As a result of this public interest, Jersey Heritage and the Jersey Tourist Guides Association (JTGA), whose guides staffed the Tower when it was open, will be meeting shortly to agree to reopen it again next summer.
The fortified Jersey Round Tower is owned by the Parish of St Clement and leased to Jersey Heritage. Set in a spectacular location, the Tower overlooks the South East Coast of Jersey Ramsar site, which forms one of the largest intertidal reefs in Europe and was designated as a Wetland of International Importance nearly two decades ago.
Jersey Heritage carried out works to enable safe access into the Tower, which was officially opened as an interpretation centre on World Wetlands Day in February. A series of seven public open days on Sundays followed between April and October. It was the first time that the Tower had been opened regularly since it was previously occupied by the Jersey Amateur Radio Society, who vacated the building in 1988.
The Tower now houses a series of pop-up banners, created by Jersey Heritage, which tell the story of Le Hocq and the defence of the Island. There is also information about the geology of the area, the prehistoric landscape, and the Ramsar site and wetlands birds.

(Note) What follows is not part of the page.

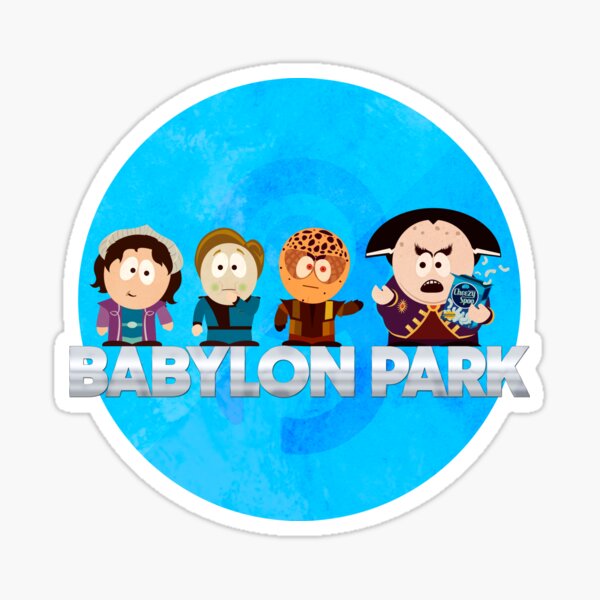 Babylon Park – Retro Sci-Fi Parody Mashup Design Sticker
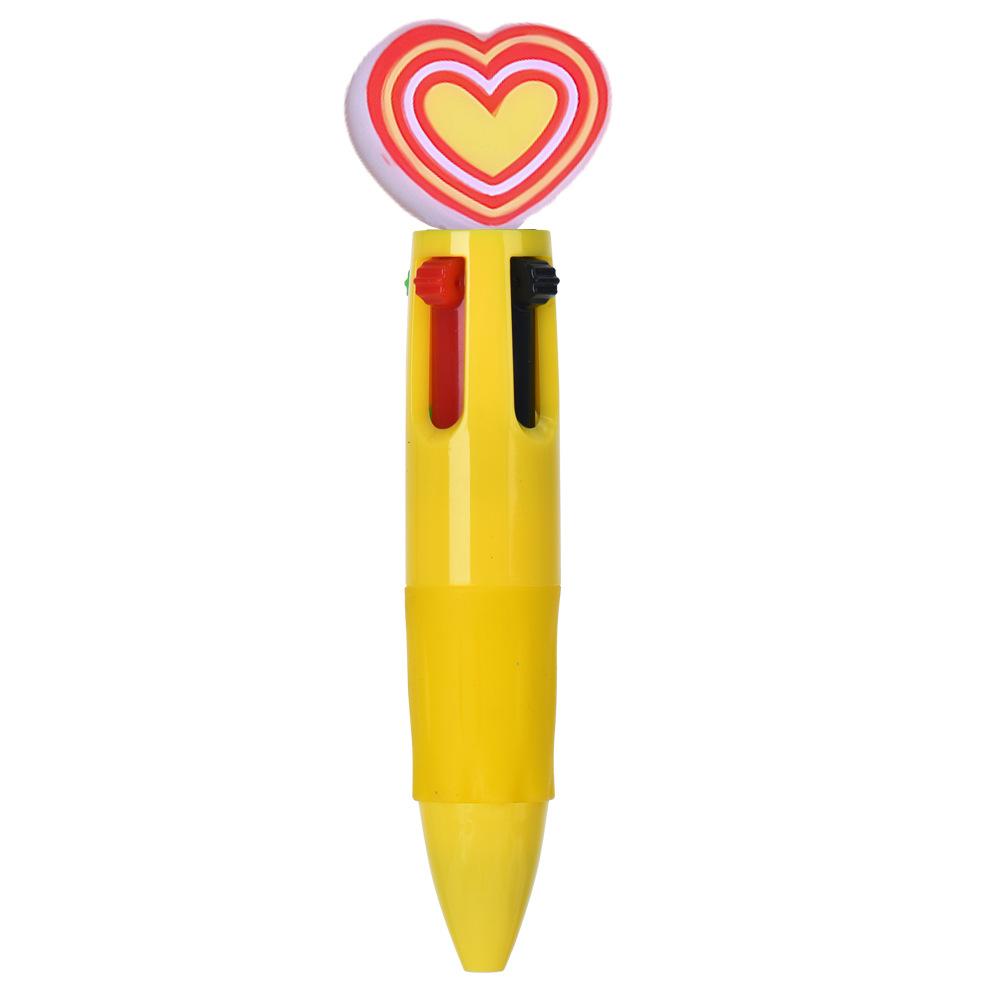 Four-color Ballpoint Pen Cute Cartoon Creative Valentine's Day Gift Multi-color Pen Heart-shaped Pressing Love Pen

JTGA guides were on hand to give tours and answer questions when the Tower was open, supported by volunteers from Jersey Heritage and the Société Jersiaise.
An estimated 350 people visited the Tower over its opening weekend in February, with another 1,412 people recorded as visitors during the open days. After entering the Tower they were able to climb up to the first floor and down into the cellar, which would have been used to store gunpowder in the 18th century. The open days raised nearly £1,000 in donations for Jersey Heritage from members of the public.
Capt Brian Nibbs, of the JTGA, said: “We are delighted that so many people took the opportunity to find out more about the Tower’s history and the geology of this special corner of Jersey. We had some fantastic feedback, with lots of people saying they had always wanted to climb inside and take a look. We look forward to working with Jersey Heritage again next year to reopen Le Hocq Tower for another season.”
Lucy Layton, Jersey Heritage’s Outreach Curator, added: “The interpretation centre is a wonderful use for the Tower, which is a Listed building and over 200 years old. It fits perfectly with our Forts and Towers project, which aims to give public access to some of the Island’s most historic sites, while also conserving the history and character of theseincredible buildings. We are very grateful to the volunteer guides of the Jersey Tourist Guides Association, who gave up their time to staff these open days.”
Le Hocq Tower will reopen on World Wetlands Day on Sunday, 2 February 2020 and, subject to confirmation, the first Sunday of every month between April and October.